China's drugstores will be profoundly affected by the rollout of China's new healthcare system, but, viewed as more commercial rather than medical-related businesses, they arguably have one of the weakest voices in determining the direction of medical reform. (The other laggard is China's beleaguered physicians.) The retail drug industry will need to be nimble in its navigation of the path forward. It must take pains to remain part of China's new health system to prevent being bypassed in delivering products to medical consumers, but at the same time avoiding, as much as possible, shouldering the burden for subsidizing the system.
Physicians, facing the prospect of losing departmental and pharmaceutical company incentives and likely mandatory service requirements at community clinics, will also be looking for ways to supplement their paltry government incomes. The MOH continues to slowly follow through on its promise to allow doctors to practice at multiple locations, with an announcement from the Beijing Health Bureau that, effective March 1, licensed physicians will be permitted to work simultaneously at a maximum of three hospitals. Under these circumstances, practitioners, especially those with experience and reputation, will inevitably establish part-time practices in private settings charging market prices. (This has always occurred at a certain level, with surgeons operating "weekend clinics" for paying patients, but it has been actively discouraged by the MOH.)
Coupled with the release last November of a multi-ministerial opinion suggesting that private medical facilities be allowed to participate in public insurance schemes, enjoy tax benefits, and, at long last, carry 100 percent foreign ownership (versus the previous 70 percent maximum), it seems that private healthcare may have a chance at a new life. Growth of private pay has been hampered by the inability of top physicians to leave public practice as well as the privatization of hospitals by real estate developers and speculators, rather than by experienced hospital management teams. The government has suggested that it will actively encourage a new round of (well-supervised) creation of private healthcare facilities and is also beginning to push commercial health insurance. As is the case with OTC medicine, this is a clear attempt to ease the rapidly growing burden on public health systems by providing alternatives for those who can afford them. The government will move slowly in this area, with multiple safeguards to prevent a major siphoning of quality to any upper-tier private system. Widespread public discontent over healthcare disparities is, after all, the prime reason for the healthcare reforms in the first place.

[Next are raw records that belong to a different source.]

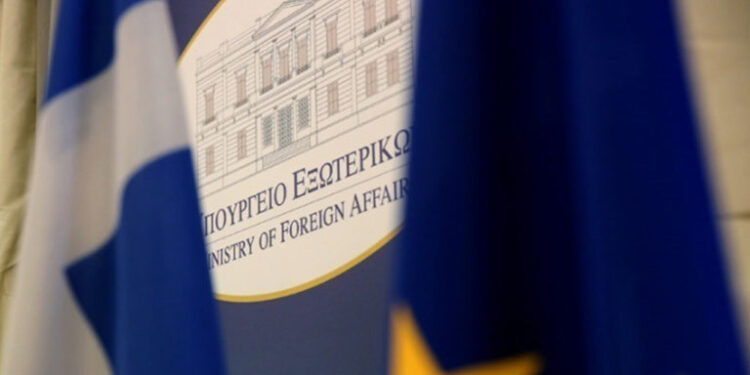 Συστάσεις του Υπουργείου Εξωτερικών προς τους Έλληνες πολίτες στο Ισραήλ: «Παραμείνετε σε ασφαλές μέρος»
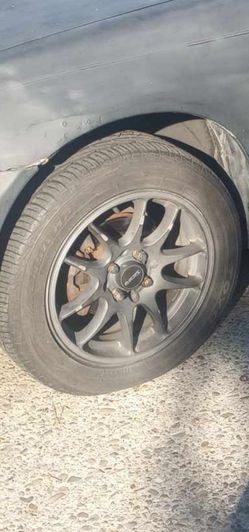15 in rims for lug universal tires are in pretty good condition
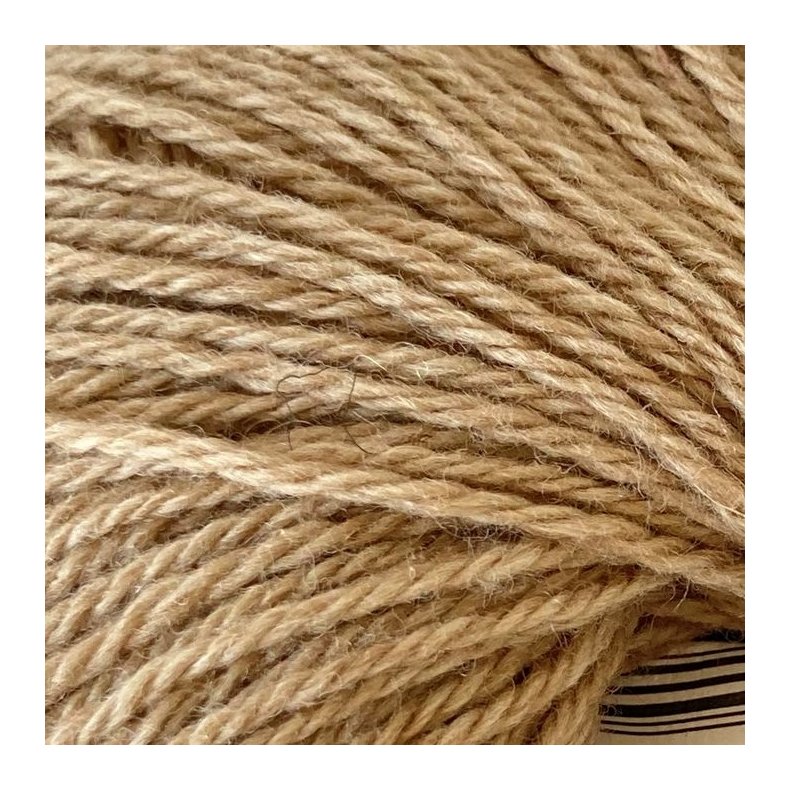 Esther by Permin, lys brun, fv 17, pr. 50 g.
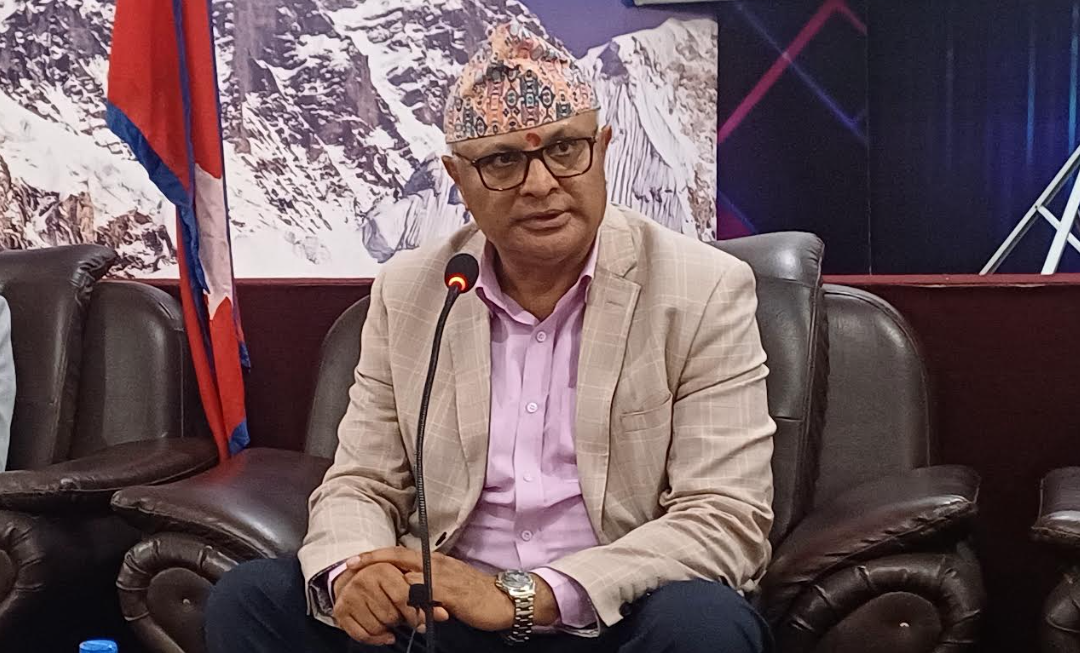 ओलीसँग सम्बन्ध चिसिँदा कोशीका मुख्यमन्त्री कार्कीको पद संकटमा 2 Online Bichar विकास, समृद्धी र सुशासनको पहरेदार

Interest in the private option is just another illustration of how profound the transition is in China's healthcare sector. It's an appropriate conclusion to this story to cite again the magnitude of what is being attempted: basic, blanket, pay-as-you-go health coverage for 1.3 billion people, or more than a sixth of the world's population spread out over 3 million square miles of rural and urban territory, with an aging population subject to vast extremes of income. Other countries with a similar demographic—most notably India—have not even attempted to make a start in doing this. With a challenge like this, it is no wonder there are so many avenues being explored to cut costs and distribute the burden of funding such a system. Over time, the US and other industrialized countries may find that China is the real innovator in health system reform—for better or worse.